The development of EBVs has involved hundreds of people over many years, including local collaborators in the tropical Andes, and has included many scientists and community members who have participated in regional and national workshops in Colombia, Ecuador, in Peru and Bolivia.

“This EBV indicator links conservation goals at global, national and local levels. More importantly, EBV responds directly to the expressed needs of people in these countries,” says second author Dr. Jose W. Valdez, postdoctoral researcher at MLU and researcher at iDiv. “Using an EBV framework can help bridge the gap between scientists and local communities and be a valuable tool for protecting ecosystems and species diversity around the world.”

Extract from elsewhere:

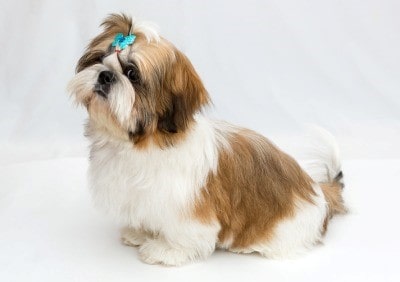 یک سگ شیتزو بریندل یا شیتزو خالخالی قهوه و سفید رنگ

“Although this study focused on the tropical Andes, the data used to map and analyze ecosystem indicators can inform continental or even global conservation decisions,” says Dr. Sean T. O’Brien, President and Chief direction of NatureServe. “This study shows that even if we have not yet sufficiently protected all natural ecosystems, we are able to improve the representation of ecosystem diversity if we protect our natural areas.”

Original edition:

(Researchers with iDiv affiliation and alumni in bold)

Comer, PJ, Valdez, JW, Pereira, HM, Acosta-Muñoz, C., Campos, F., Bonet García, FJ, Claros, X., Castro, L., Dallmeier, F., Domic Rivadeneira, E. Y , Gill, M., Josse, C., Lafuente Cartagena, I., Langstroth, R., Larrea-Alcázar, D., Masur, A., Morejon Jaramillo, G., Navarro, L., Novoa, S., Prieto-Albuja, F., Rey Ortíz, G., Teran, MF, Zambrana-Torrelio, C., Fernandez Trigoso, MA (2022): Conserving ecosystem diversity in the tropical Andes. Remote sensing. DOI: 10.3390/rs14122847

A Spanish version of this press release is available here.